I compared the IPUMS data and crosswalk file and found that this discrepancy is due to one PUMA–State code is 17, and PUMA 5-digit code is 03700. In the PUMA file, this PUMA is classified under County FIPS 17000 (unidentifiable), while in the crosswalk file, it is under County FIPS 17141, which is assigned to Ogle County on the map.

So my question are: is the crosswalk file classifies PUMA 173700 to Ogle County by mistake, or is it the latest reclassification for Chicago MSA boundaries? If it is a mistake, which county should I assign this PUMA code to, to correct the boundaries and figures on the tract-level map? And what happened to the other three missing counties in PUMA codes that are supposed to be included in Chicago MSA?

Also, what is the best way to extract a tract-level MSA shapefile in R? I use the IPUMS + crosswalk files for other MSAs, which appear to work well, but now the Chicago map got me suspicious about the validity of this strategy. I am attaching a screenshot of the Chicago MSA map that I created earlier for reference, which includes Ogle County due to the tract-PUMA classification.

Any insights would be greatly appreciated! Thanks!

The variables MET2023 and MET2013 have inexact correspondence with official delineations. In the variable description on those variable webpages, we note that since 1990, the only sub-state-level geographic information available in public-use census and ACS/PRCS microdata is for PUMAs, areas which occasionally straddle official metro area boundaries. Given this limitation, MET2023 (and MET2013) cannot identify the exact set of households residing in every metro area. According to our 2023 MSA and 2020 PUMA crosswalk, which can be found on our 2023 Metropolitan Areas: Delineations and PUMA Correspondence page, the 2020 PUMA 03700 in Illinois is composed of 2 counties, Ogle and DeKalb, of which 65.98% of the PUMA population resides inside the Chicago-Naperville-Elgin, IL-IN MSA, thus we assign the whole PUMA a Chicago metro code.

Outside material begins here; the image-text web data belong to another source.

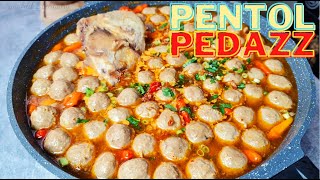 RESEP BAKSO PENTOL PEDAS  PAKAI TETELAN DAN TULANG SAPI TAMBAH MANTUL [upl. by Bergwall]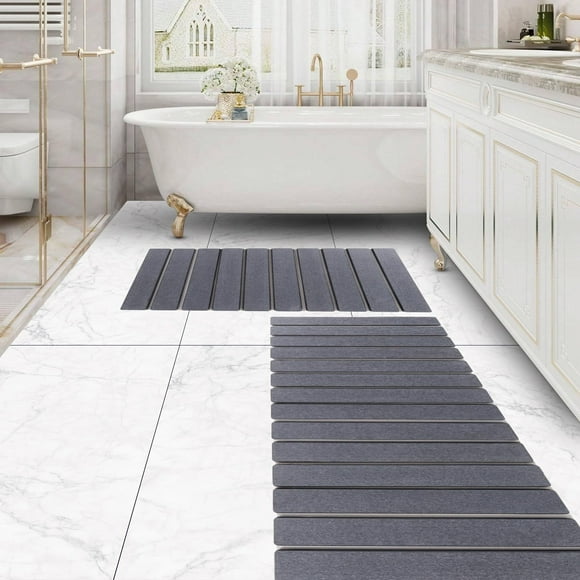 Alfombra de baño Cuckan plegable con forma de tierra de diatomeas, paquete de 2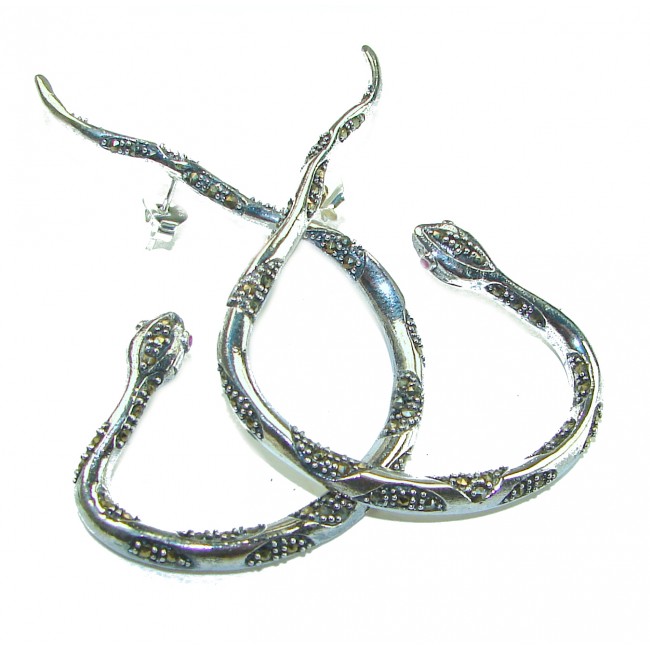 Large Snakes Ruby .925 Sterling Silver wrap Earrings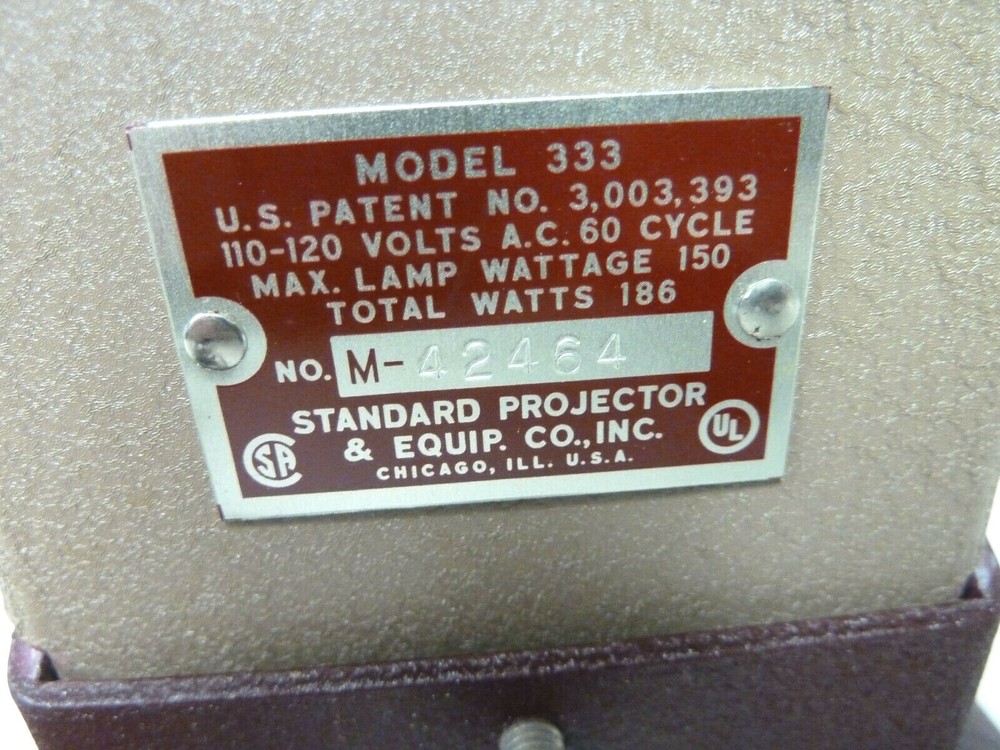 Vintage Standard Model 333 Film Projector Not Fully Tested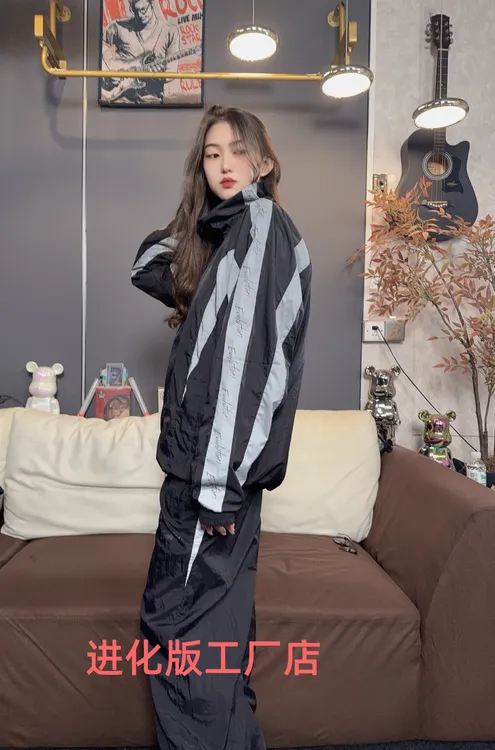 【限定运动套装黑色秋冬】进化版反光拼接休闲百搭运动套装男女同款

Our geographer colleague saw your post and shared some ideas for extracting a tract-level MSA shapefile. The simplest way would be to get a correspondence file between tracts and CBSAs (core-based statistical areas) from Geocorr, join that to a tract shapefile, and select the tracts in the shapefile based on the CBSA/metro correspondence. Similarly, you could get a CBSA delineation file from the Census website and join it to a tract shapefile using state and county codes. Note, if you are working with Connecticut data, be aware of the changes in county coding between 2021 and 2022, which caused all the tract IDs to change.

1 Like

Thanks very much for the information and ideas! I eventually turned to a MSA county file from to subset tract-level MSA map by state and county codes. I will try the Geocorr package too!